А любовь? Тоже ведь не сказать, чтоб она меня совсем уж не коснулась, не тронула, не задела своими крылами, не осияла своим Светом. Бывало… Задевала, касалась. И стишки пописывали, и песенки сочиняли… И не в муку, не в тягость сочинительство-то это бывало! Само изливалось. Не могло не изливаться, поскольку уж очень душеньку-то распирало…
По сусекам дневников и записных книжек
2 октября 1990 г. Москва. Человек— не сказать, чтоб смеялся, – его… распирало смехом. А еще вернее: распирало человека счастье. Может такое быть? Перло счастье из человека, нагло, неудержимо, не стыдясь и не совестясь окружающих… И человек-то был не молодой, давно привыкший держать себя в руках и давным-давно держание это ни за труд, ни за подвиг не почитавший, а тут вот… Да, наверно, и не заботился сдерживать-то себя – знал, что ненадолго это. Очень-очень ненадолго…
С-час-тье – сейчас, в этот вот миг, в сей час побудет – и все… Так оно всегда было, есть и будет.

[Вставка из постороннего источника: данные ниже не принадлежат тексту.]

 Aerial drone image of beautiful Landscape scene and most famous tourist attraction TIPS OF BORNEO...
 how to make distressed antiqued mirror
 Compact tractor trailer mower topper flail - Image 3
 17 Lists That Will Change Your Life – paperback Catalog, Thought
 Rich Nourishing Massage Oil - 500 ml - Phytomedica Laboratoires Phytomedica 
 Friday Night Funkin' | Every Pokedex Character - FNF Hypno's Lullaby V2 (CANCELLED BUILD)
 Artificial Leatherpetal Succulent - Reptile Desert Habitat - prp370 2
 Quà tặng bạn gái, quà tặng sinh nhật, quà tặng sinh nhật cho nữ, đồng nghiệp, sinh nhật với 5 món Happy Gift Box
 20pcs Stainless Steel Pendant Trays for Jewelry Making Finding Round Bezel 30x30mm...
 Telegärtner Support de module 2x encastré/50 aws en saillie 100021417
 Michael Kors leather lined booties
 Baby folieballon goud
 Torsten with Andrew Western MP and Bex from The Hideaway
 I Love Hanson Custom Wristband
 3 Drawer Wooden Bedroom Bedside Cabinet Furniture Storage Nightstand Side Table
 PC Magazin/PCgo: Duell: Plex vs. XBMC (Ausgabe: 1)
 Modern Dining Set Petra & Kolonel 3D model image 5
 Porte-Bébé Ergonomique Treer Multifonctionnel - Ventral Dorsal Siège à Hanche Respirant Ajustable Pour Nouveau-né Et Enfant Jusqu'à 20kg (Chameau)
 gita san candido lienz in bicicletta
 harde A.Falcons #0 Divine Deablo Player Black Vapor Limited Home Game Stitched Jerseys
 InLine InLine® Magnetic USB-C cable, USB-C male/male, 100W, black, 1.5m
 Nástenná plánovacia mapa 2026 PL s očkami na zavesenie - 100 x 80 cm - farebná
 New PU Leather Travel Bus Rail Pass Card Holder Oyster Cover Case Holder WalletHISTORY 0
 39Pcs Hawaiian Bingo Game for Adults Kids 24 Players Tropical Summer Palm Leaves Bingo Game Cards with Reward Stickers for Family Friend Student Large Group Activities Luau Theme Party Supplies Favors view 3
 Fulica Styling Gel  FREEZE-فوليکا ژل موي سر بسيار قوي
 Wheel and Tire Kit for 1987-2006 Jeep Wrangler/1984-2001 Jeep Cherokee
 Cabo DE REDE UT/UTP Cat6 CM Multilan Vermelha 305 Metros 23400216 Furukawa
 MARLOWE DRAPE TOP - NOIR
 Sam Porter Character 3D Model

И этот миг не был и не станет исключением…
Преподавал у нас когда-то в Щукинском училище русскую литературу Павел Иванович Новицкий, так он считал, что стихи в определенные моменты жизни должен, обязан писать каждый нормальный человек, ну а поскольку я был вроде живым, нормальным, то и…
9 июля 1959 г. (22 года, каникулы перед последним 4-м курсом Щукинского; из «душевного штопора», в котором крутило и било меня в 19 лет в 1956-м, давно вышел, в душе и в делах относительный порядок, хотя… проблемы, конечно, были. Когда было, чтоб их не было?..)
Полтретьего утра. Первая ночь дома. Родной Новосибирск, Заельцовка… Не спится… Говорят, привычка к московскому времени…
За окном мирно и деловито уркотел трактор. На душе светло и спокойно-радостно: труд! созидание! Далекий милый Казахстан вспоминается… В темноте комнаты – частые синие электрические вспышки… За окном – только родненький трудяга трактор. Тишина…
И вдруг по всему небу глухое, темное, мрачное грохотание, все сильнее, сильней, с угрюмостью и упрямством убийцы… Глупая фантазия: атомная бомба? Разрушение, смерть…
И тут же яркий отблеск на потолке и – тррреск!.. Задорный! Озорной, мальчишеский какой-то… родной, природный, не искусственный, не рукотворный… Со здоровым, честным и открытым (не скрытным, не подспудным!) треском и скрежетом. И разгульный рубаха-парень гром открыто и широко раскатился во все края и стороны!.. Проказница-гроза творит свою веселую и благодатную работу. Посыпался, заплямкал и – вот уже полил с крыши обильный, полный дождь.